Nel mondo della finanza, i fondi sovrani sono esseri peculiari: capitali statali che ricorrono a strumenti capitalistici e rispondono a logiche talora politiche, talaltra private. Evocati soprattutto in riferimento agli interessi che li muovono, alimentano una copiosa letteratura che non di rado sconfina nella dietrologia vera e propria. Tra gli aspetti che li rendono degni di nota vi è tuttavia anche l’orizzonte di investimento, tipicamente di lungo termine, con una forte concentrazione su infrastrutture regolate come porti, aeroporti, autostrade. Alla radice di questa scelta temporale c’è, il più delle volte, la necessità di reinvestire la propria raccolta (leggi: petrodollari) a beneficio delle generazioni future, con un profilo di rischio contenuto e una politica di diversificazione.

L’investimento monstre del fondo sovrano saudita nella californiana Uber, messo a segno questa settimana , – 3,5 miliardi di dollari – sta facendo parlare molto le comunità degli scenaristi, i cui committenti chiedono di immaginare futuri alternativi per non essere colti impreparati dal domani. Al centro delle riflessioni degli scenaristi c’è proprio l’elemento temporale. Difficilmente Uber può essere considerato un paradigma a medio o lungo termine. Si tratta, a ben vedere, di una realtà ormai consolidata del presente. Più probabile, inoltre, che Uber assieme ai suoi emuli rappresenti un modello transitorio tra la vecchia domanda di mobilità e quella del futuro, dominata dal paradigma della autonomous car e dalla convergenza di questo con l’idea storicamente alla radice del trasporto passeggeri su rotaia: “Il mio tempo appartiene a me”.

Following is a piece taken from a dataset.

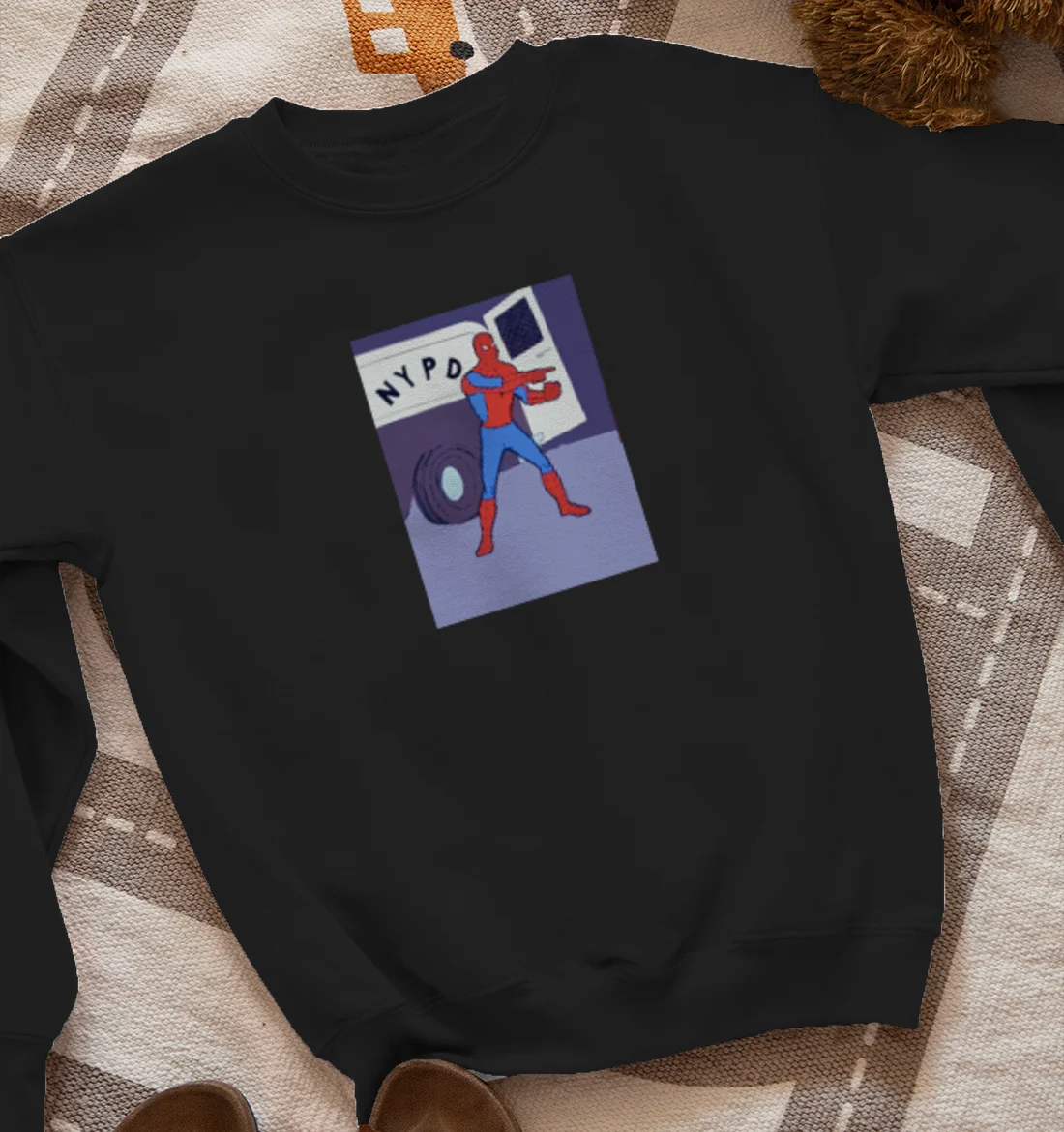 Spidey on the Left - Spiderman Meme Sweatshirt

È il dato che emerge con maggiore evidenza dall’illuminante intervista che il responsabile di Google in Germania, Philipp Justus, e quello delle ferrovie tedesche, Ruediger Grube, hanno recentemente concesso al settimanale WirtschaftsWoche. Per Grube, l’offerta delle ferrovie consiste nel mettere a disposizione dei propri viaggiatori tempo di qualità, di cui disporre liberamente. Man mano che le reti si faranno più capillari e intelligenti, il confine tra il trasporto su gomma e quello su rotaia sfumerà e gli operatori della rotaia svilupperanno appetito per l’asfalto. A fare la differenza saranno le infrastrutture tecnologiche e gli standard di trasmissione, ma anche le nuove regole, come quelle sulla responsabilità in caso di incidenti o sulla proprietà dei dati dei viaggiatori. E forse non è un caso se la California, patria sia di Google – pioniera nel campo delle autonomous car – sia di Uber, sia già il teatro di un braccio di ferro tra lobbisti. La California è il primo stato al mondo ad essersi dotata di una regolazione delle autonomous cars, ma le restrizioni che questa impone sono considerate molto severe. Tant’è che per la legge californiana il controllo del veicolo deve rimanere in mano a un uomo. Con tanti saluti all’autonomia della guida e allo slogan “il tuo tempo appartiene a te”. Ma forse non è che il primo tempo di una partita ancora tutta da giocare. E al fischio finale sarà forse meglio aver puntato sulle autonomous car e non solo su soluzioni transitorie.